Animation, design and influences
According to Hall, Strange World is a nod to pulp magazines—popular fiction from the first half of the 20th century that was printed on inexpensive wood pulp paper, including films like Journey to the Center of the Earth, Fantastic Voyage and King Kong. He also said "[he] loved reading the old issues of pulps growing up. They were big adventures in which a group of explorers might discover a hidden world or ancient creatures. They've been a huge inspiration for Strange World."

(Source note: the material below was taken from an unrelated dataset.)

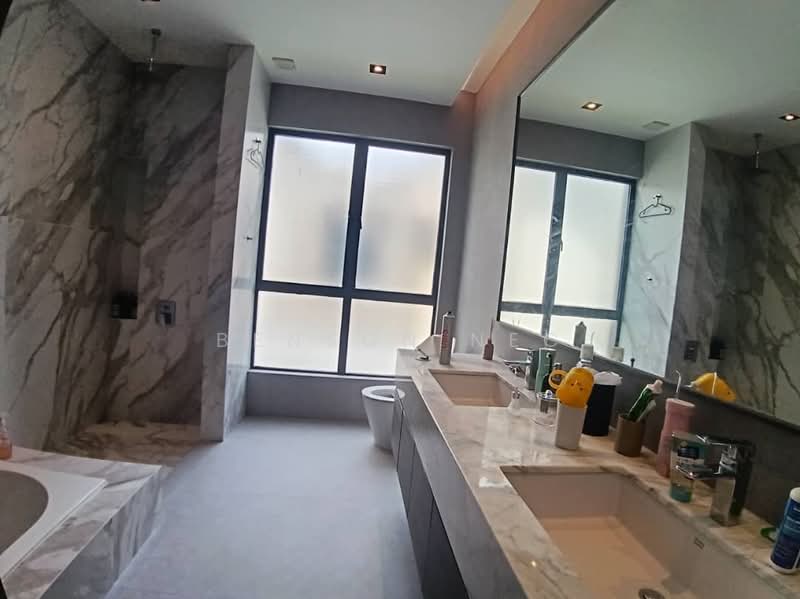 Bungalow for Sale in Leisure Farm (Gelang Patah) - Benson NEC - Bathroom - PropertyGuru.com.my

The miracle plant Pando is named after a forest in Utah in America. For the worlds both beyond the land and below the giant creature, the land of Avalonia was given an orange-and-white color scheme to contrast with the titular strange world inside the creature, for which the filmmakers chose red and magenta for the lung forest. They created a way for the character Splat to communicate non-verbally, like the magic carpet in Aladdin. While the rest of the film is CGI, 2D animation was also added from Randy Haycock with additional 2D animation by Eric Goldberg and Mark Henn. An example of it would be from the opening scene of Strange World, showing Jaeger having 2D outlines from WDAS' Meander software, giving it a Spider-Verse-like style within the comic before going back to CGI.

Music 

Henry Jackman was announced to compose the score for the film, marking his third collaboration with Don Hall, after Winnie the Pooh and Big Hero 6, and his fifth overall feature-length scoring work with Walt Disney Animation Studios, which includes the Wreck-It Ralph films.. Walt Disney Records released the soundtrack on November 23, 2022, the same day as the theatrical release.

Release

Marketing

Following the project announcement, the first look concept art of the film was released on December 9, 2021. Max Evry of /Film said the image "[looked] a lot like Avatar, or at the very least the Pandora section of Disney World's Animal Kingdom." The teaser trailer was released on June 6, 2022. Petrana Radulovic for Polygon felt it was "an homage to retro sci-fi flicks" and similar to Raya and the Last Dragon, it "definitely seems to lean more into the action than Disney's typical musical fantasies." A new trailer was shown at the 2022 D23 Expo and the official trailer was released on September 21, 2022, followed by a cast reaction video a day later, and a "special look" trailer was released on October 19, 2022. Two featurettes "Welcome To Strange World" and "100 Years of Amazing Characters", which showcased the characters of Splat and Legend, were released on November 3, 2022, and November 8, 2022, respectively.

Theatrical
Strange World premiered at the El Capitan Theatre in Hollywood on November 15, 2022. It was theatrically released in the United States on November 23, 2022.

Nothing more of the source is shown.